As Wim Stolker suggested, I have modified this to use setdefault, 1 Mar 2001.

Wim Stolker 22 years, 1 month ago

Shortcut. Nice short and clear recipe, however,

``````if D.has_key(p+q):
D[p+q].append(p)
else:
D[p+q] = [p]
``````

I would use:

``````D.setdefault(p+q,[]).append(p)
``````

See: Add an entry to a dictionary, unless the entry is already there.

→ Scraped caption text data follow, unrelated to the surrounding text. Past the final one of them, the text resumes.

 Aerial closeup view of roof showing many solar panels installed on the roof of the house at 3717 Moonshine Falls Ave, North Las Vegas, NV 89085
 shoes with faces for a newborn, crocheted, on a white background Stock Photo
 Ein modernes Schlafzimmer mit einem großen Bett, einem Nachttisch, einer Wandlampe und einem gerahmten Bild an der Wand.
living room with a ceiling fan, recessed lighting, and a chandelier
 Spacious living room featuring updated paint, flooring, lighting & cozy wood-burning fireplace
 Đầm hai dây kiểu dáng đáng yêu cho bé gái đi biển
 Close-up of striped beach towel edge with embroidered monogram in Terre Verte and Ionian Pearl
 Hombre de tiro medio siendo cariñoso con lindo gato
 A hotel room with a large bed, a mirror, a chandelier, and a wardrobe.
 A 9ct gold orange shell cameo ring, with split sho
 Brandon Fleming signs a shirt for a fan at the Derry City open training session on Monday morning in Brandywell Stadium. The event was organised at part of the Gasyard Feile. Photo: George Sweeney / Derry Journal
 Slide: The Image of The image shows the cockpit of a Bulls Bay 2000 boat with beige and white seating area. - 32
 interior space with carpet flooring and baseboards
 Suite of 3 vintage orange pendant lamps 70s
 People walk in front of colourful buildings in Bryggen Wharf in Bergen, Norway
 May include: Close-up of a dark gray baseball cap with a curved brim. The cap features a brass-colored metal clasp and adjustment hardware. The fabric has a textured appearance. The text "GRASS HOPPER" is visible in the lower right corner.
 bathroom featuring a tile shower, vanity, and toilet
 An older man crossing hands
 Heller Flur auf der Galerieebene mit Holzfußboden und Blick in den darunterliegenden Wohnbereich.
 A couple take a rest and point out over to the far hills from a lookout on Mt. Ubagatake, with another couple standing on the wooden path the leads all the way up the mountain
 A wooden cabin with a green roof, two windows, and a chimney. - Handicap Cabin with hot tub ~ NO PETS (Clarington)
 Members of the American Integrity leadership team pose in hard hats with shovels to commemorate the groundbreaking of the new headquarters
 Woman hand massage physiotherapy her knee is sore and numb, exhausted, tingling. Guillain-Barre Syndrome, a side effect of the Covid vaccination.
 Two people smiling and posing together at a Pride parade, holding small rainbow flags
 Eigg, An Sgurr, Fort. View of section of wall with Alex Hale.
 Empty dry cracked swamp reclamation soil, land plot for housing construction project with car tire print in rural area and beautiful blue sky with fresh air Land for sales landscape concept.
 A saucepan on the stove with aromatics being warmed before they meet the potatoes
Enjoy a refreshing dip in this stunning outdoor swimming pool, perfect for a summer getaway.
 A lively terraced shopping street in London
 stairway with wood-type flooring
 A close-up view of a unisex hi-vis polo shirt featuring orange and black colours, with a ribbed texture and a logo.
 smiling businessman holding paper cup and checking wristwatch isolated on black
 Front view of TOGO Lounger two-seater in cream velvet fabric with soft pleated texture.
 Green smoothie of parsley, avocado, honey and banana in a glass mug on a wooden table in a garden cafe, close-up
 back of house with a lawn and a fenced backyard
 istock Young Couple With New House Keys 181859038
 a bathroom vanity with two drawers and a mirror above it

http://aspn.activestate.com/ASPN/Cookbook/Python/Recipe/66516

Alex Martelli 21 years, 1 month ago

slightly faster by keeping a dict of single numbers instead of one of lists. neat indeed, but we can be marginally faster (about 40%+ on my machine for primes up to 1,000,000 for example) by keeping in the dict a single value for each composite number -- the first prime factor that revealed to us that number is a composite. Here's the Python 2.3 code for the enhanced main loop:

``````while True:
p = D.pop(q, None)
if p:
x = p + q
while x in D: x += p
D[x] = p
else:
D[q*q] = q
yield q
q += 1
``````

this uses the new-in-2.3 "fetch and remove" method .pop of dictionaries, but that's marginal (and I put just the same small enhancement in the list-using version -- I posted both to comp.lang.python just now) -- the small speedup in this variant comes from not having to build so many small lists.

Alex

N N 18 years, 6 months ago

``````primes = sieve [ 2.. ]
where
sieve (p:x) = p : sieve [ n | n &lt;- x, n `mod` p &gt; 0 ]
``````

translates roughly to python as:

``````import itertools as it
def sieve(num=it.count(2)):
p=num.next()
x=sieve(n for n in num if n%p)
yield p
while True: yield x.next()
``````

Unfortunately it exceeds the recursion limit after about 3000 on my machine.

Tim Hochberg 18 years, 2 months ago

Slightly faster yet by skipping even numbers.

``````def sieve():
yield 2
D = {}
q = 3
while True:
p = D.pop(q, 0)
if p:
x = q + p
while x in D: x += p
D[x] = p
else:
yield q
D[q*q] = 2*q
q += 2
``````

It's too bad itertools.count doesn't take a step argument! This would look cleaner, and likely be marginally faster, with

``````for q in count(3,step=2)
``````

rather than the current while True cruft.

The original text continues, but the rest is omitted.